_TASK BRIEF_
Please give every record below again exactly, and keep the pictures out.

_EXTRACTED INFORMATION_
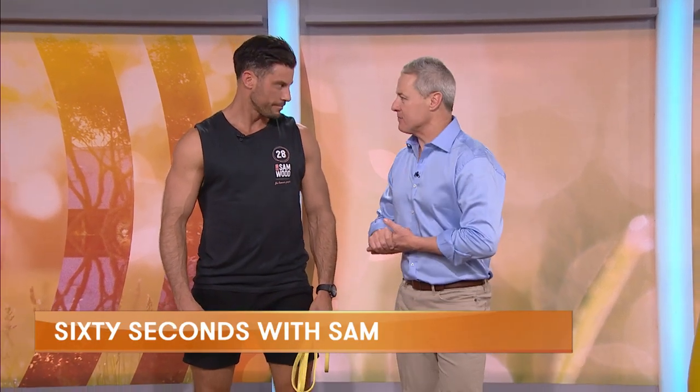This week we get another 60 seconds with Sam. Superfit Sam Wood is with us. Three fantastic exercises women are going to love these, right?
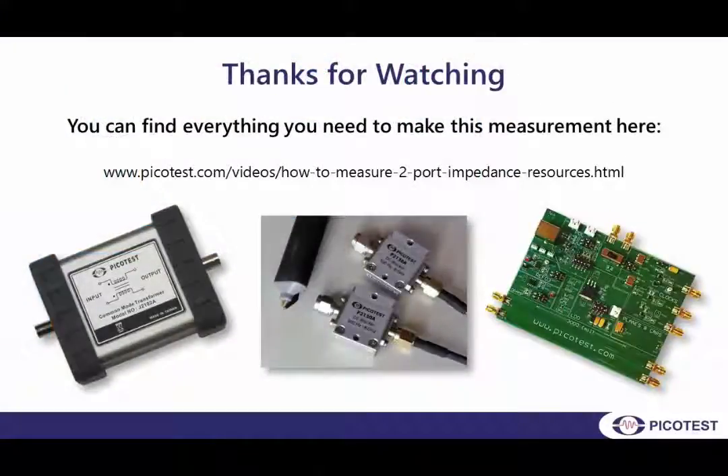Measuring voltage regulator impedance with the Bode 100 and the two-port probe is quick and easy. Find everything you need to make this measurement here.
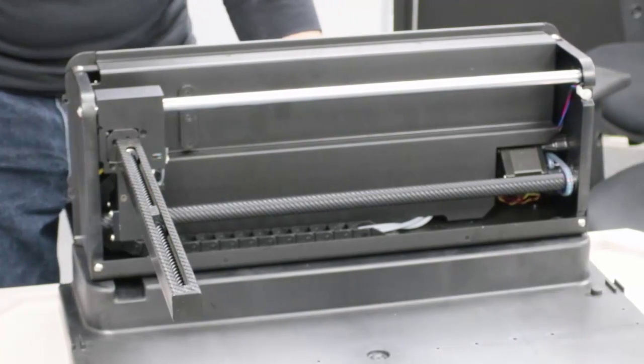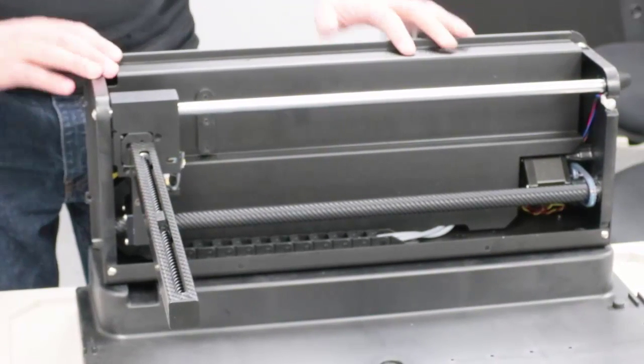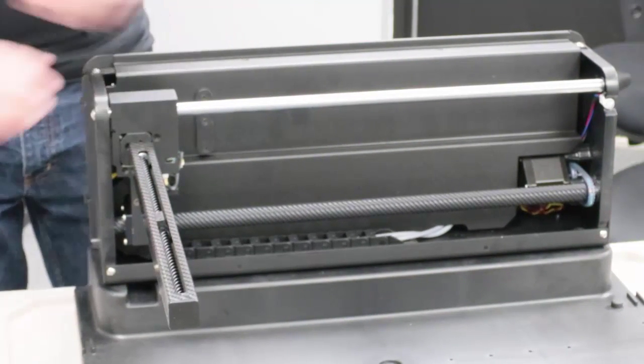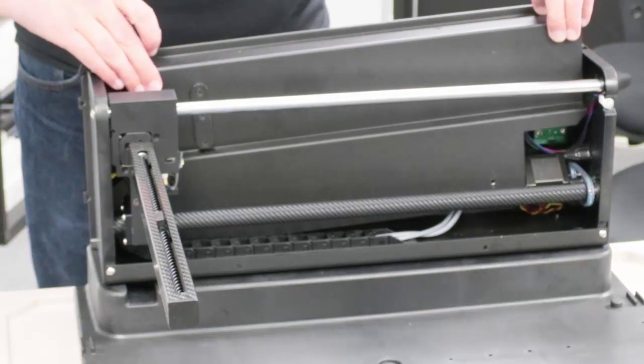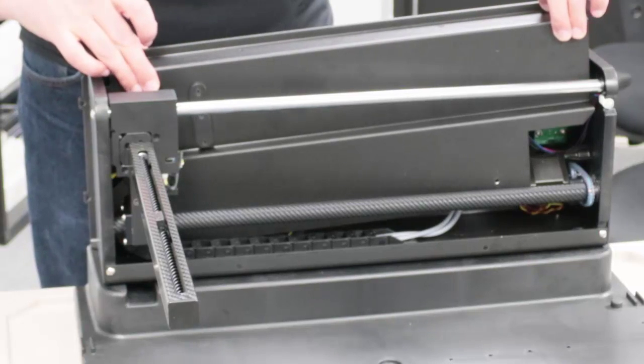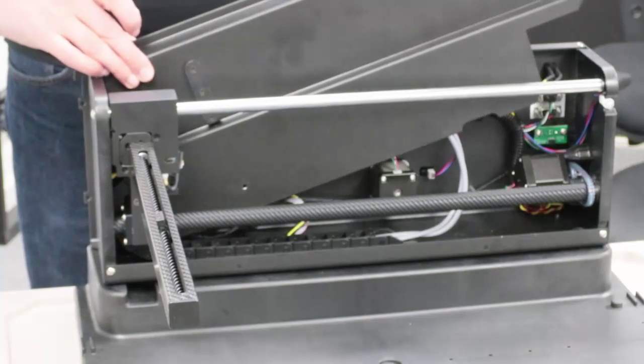The best way to get the splash cover off is to move the Y arm all the way to the left. Then lift the cover up slightly and to the side, then rotate it out in that direction.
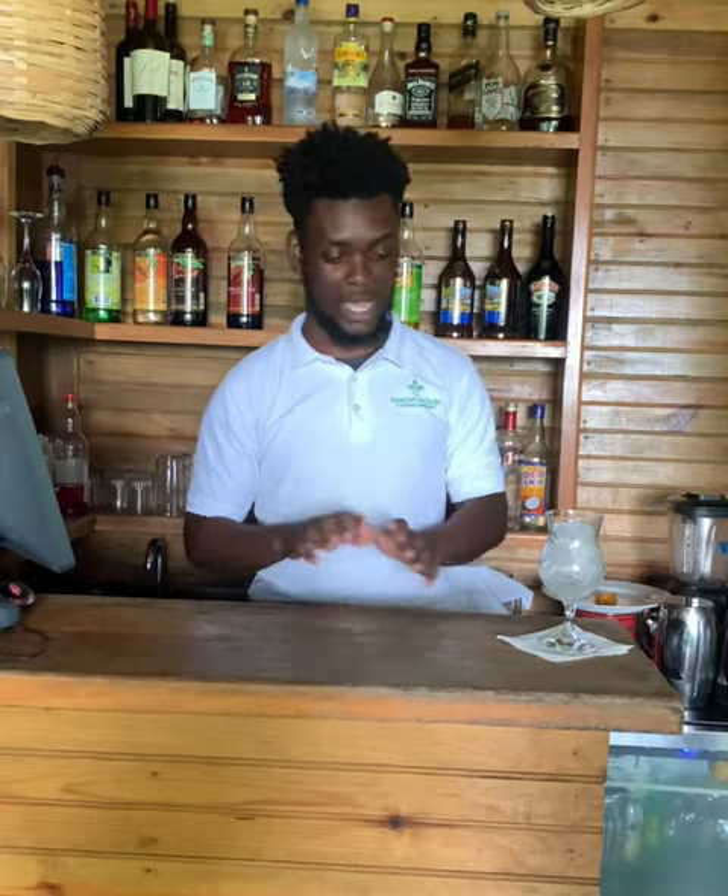Hi, welcome back! Today we're gonna have a Sex on the Beach. What do you guys think when I said Sex on the Beach? Well, I'm talking about the cocktail — Sex on the Beach — and that's what I'm gonna make today. All right, let's get to it.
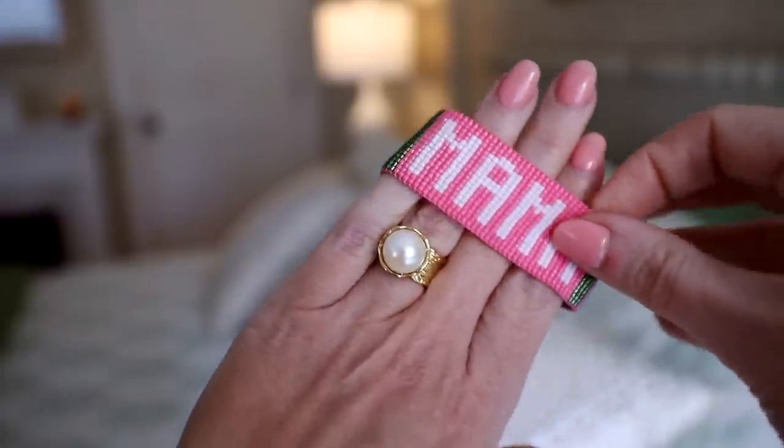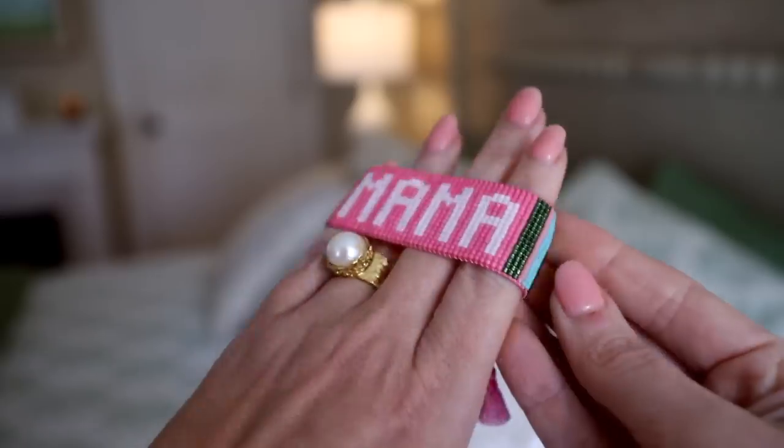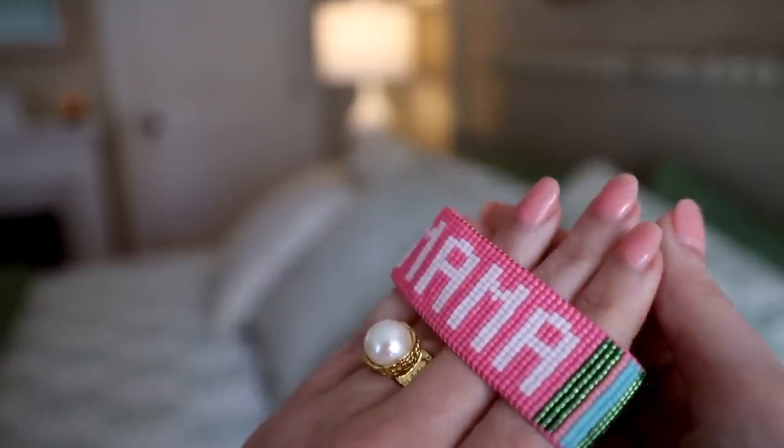My next favorite — I've talked about these before but I love them that much — are these mama bracelets. I have the white one and the pink one and I wear them all the time. They feel very springy and summery; if you're wearing a plain outfit like jeans and a plain t-shirt, they're a fun way to punch it up without going over the top.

_RESPONSE AREA_
This week we get another 60 seconds with Sam. Superfit Sam Wood is with us. Three fantastic exercises women are going to love these, right?
Measuring voltage regulator impedance with the Bode 100 and the two-port probe is quick and easy. Find everything you need to make this measurement here.
The best way to get the splash cover off is to move the Y arm all the way to the left. Then lift the cover up slightly and to the side, then rotate it out in that direction.
Hi, welcome back! Today we're gonna have a Sex on the Beach. What do you guys think when I said Sex on the Beach? Well, I'm talking about the cocktail — Sex on the Beach — and that's what I'm gonna make today. All right, let's get to it.
My next favorite — I've talked about these before but I love them that much — are these mama bracelets. I have the white one and the pink one and I wear them all the time. They feel very springy and summery; if you're wearing a plain outfit like jeans and a plain t-shirt, they're a fun way to punch it up without going over the top.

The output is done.